[Records drawn from a dataset]
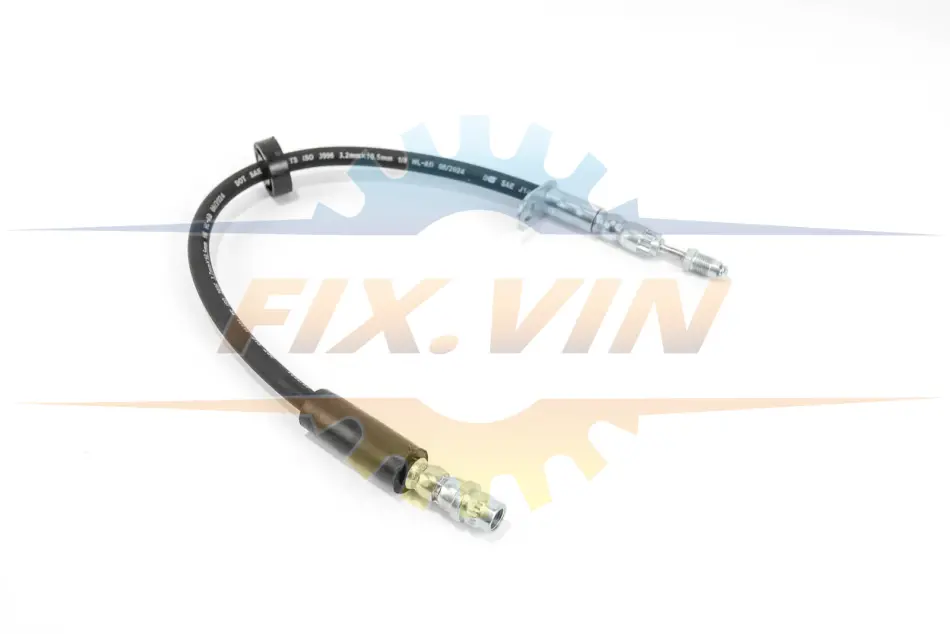 Гальмівний шланг пер. Citroen C3 Picasso 09-/Peugeot 207 06- GOODREM RM8182 (фото 1)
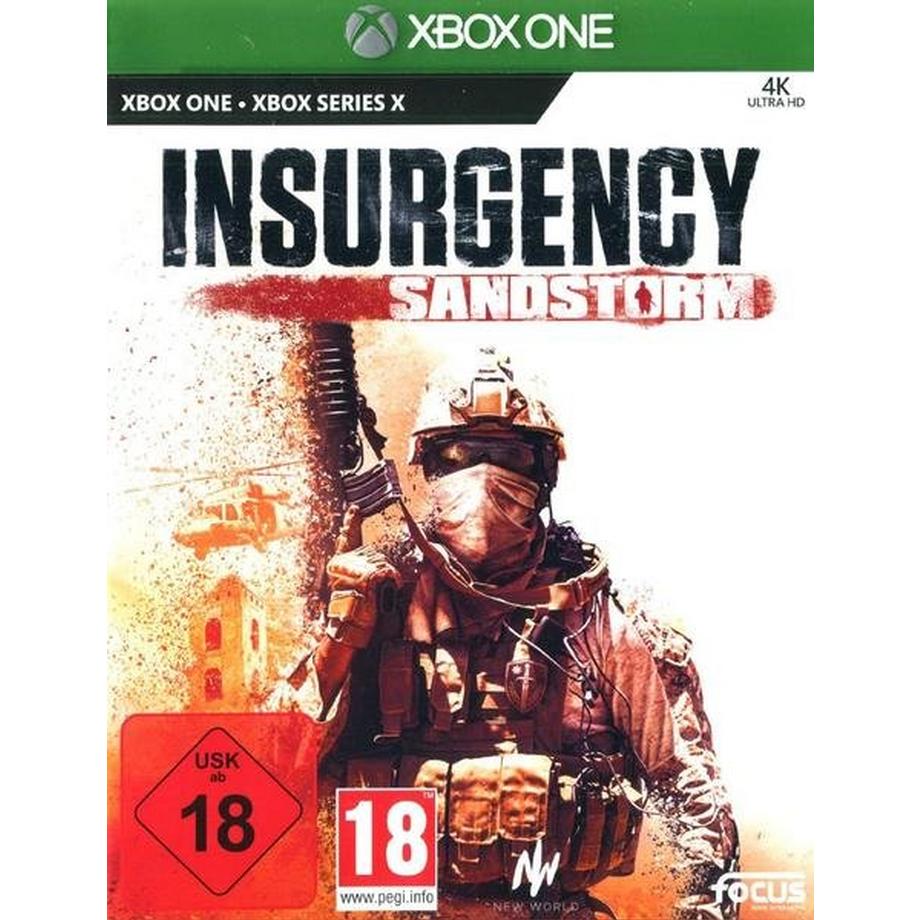 Insurgency: Sandstorm Standard Xbox Series X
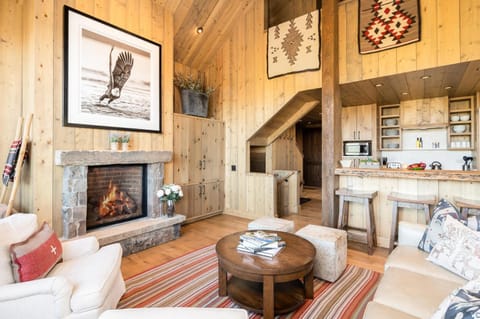 5 Bandit Way by Moonlight Basin Lodging House in Big Sky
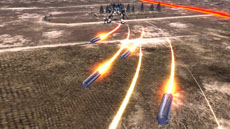 画像ギャラリー No.048のサムネイル画像 / 「機動戦士ガンダム EXTREME VS. FULL BOOST」に新規参戦する「デュエルガンダムアサルトシュラウド」など10機体の情報を紹介。PV第1弾のHDverを公開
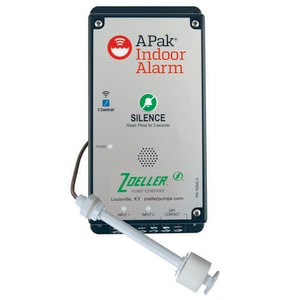 Z Cntl Enabled A-Pak W/ Reed Snsr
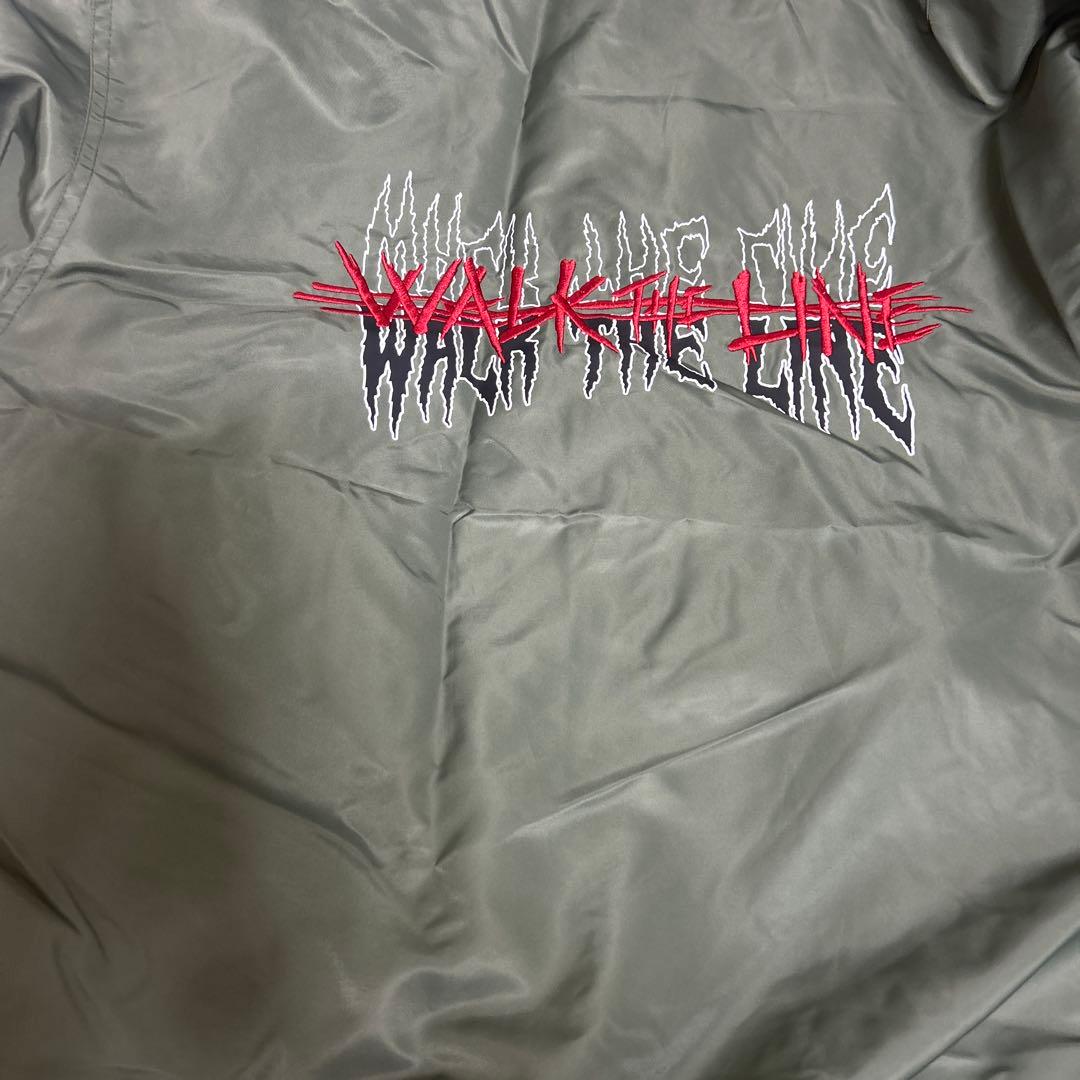 美品ENHYPEN WALK THE LINEブルゾン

> **YOUR ASSIGNMENT**:
All of the data above needs to be retyped exactly, with the pictures removed.

> **EXERCISE OUTPUT**:
 Гальмівний шланг пер. Citroen C3 Picasso 09-/Peugeot 207 06- GOODREM RM8182 (фото 1)
 Insurgency: Sandstorm Standard Xbox Series X
 5 Bandit Way by Moonlight Basin Lodging House in Big Sky
 画像ギャラリー No.048のサムネイル画像 / 「機動戦士ガンダム EXTREME VS. FULL BOOST」に新規参戦する「デュエルガンダムアサルトシュラウド」など10機体の情報を紹介。PV第1弾のHDverを公開
 Z Cntl Enabled A-Pak W/ Reed Snsr
 美品ENHYPEN WALK THE LINEブルゾン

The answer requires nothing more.